Dataset content below:

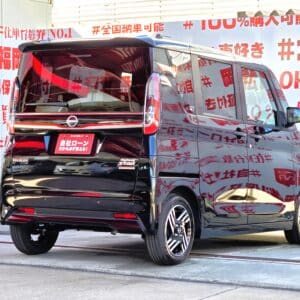 ROOX　ルークス　ハイウェイスターＸ　＂後期型＂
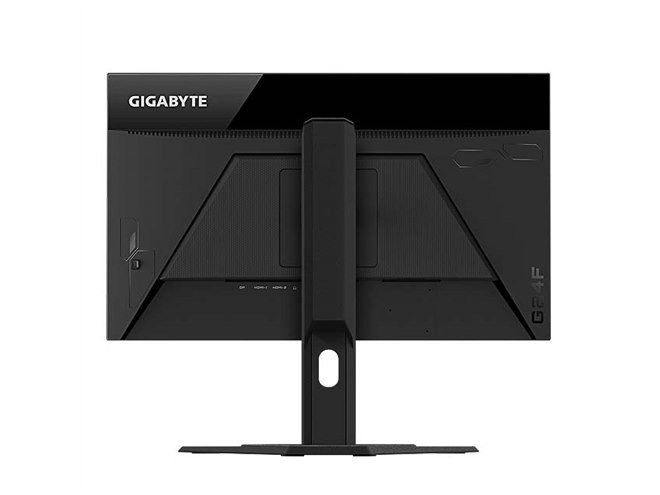 GIGABYTE、23.8型ゲーミング液晶ディスプレイ「G24F」を本日7月2日発売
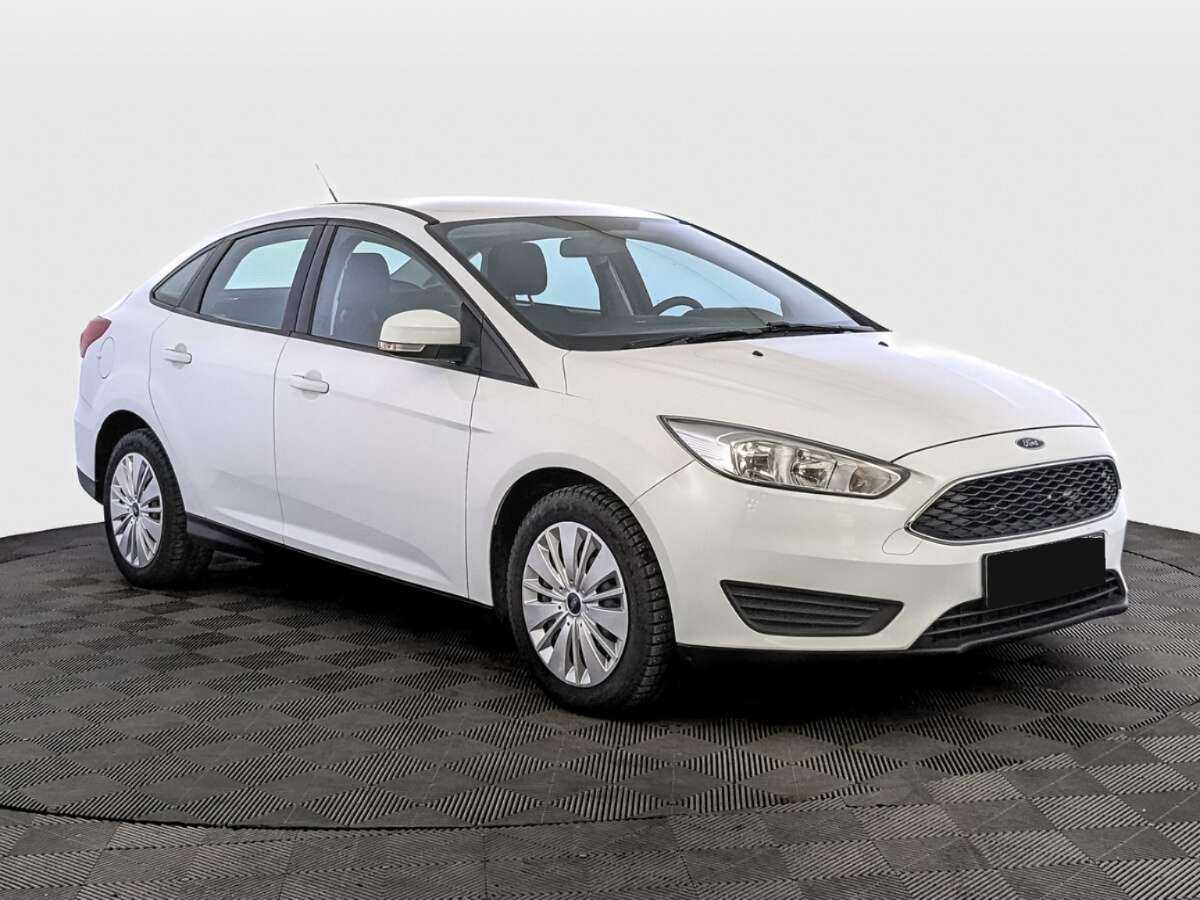 Ford Focus, 2018 - 105 000 км. | Фото №3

End of Dataset content.

> **Problem statement**
Would you provide an exact, picture-free copy of the data above?

> **Output of the task**
 ROOX　ルークス　ハイウェイスターＸ　＂後期型＂
 GIGABYTE、23.8型ゲーミング液晶ディスプレイ「G24F」を本日7月2日発売
 Ford Focus, 2018 - 105 000 км. | Фото №3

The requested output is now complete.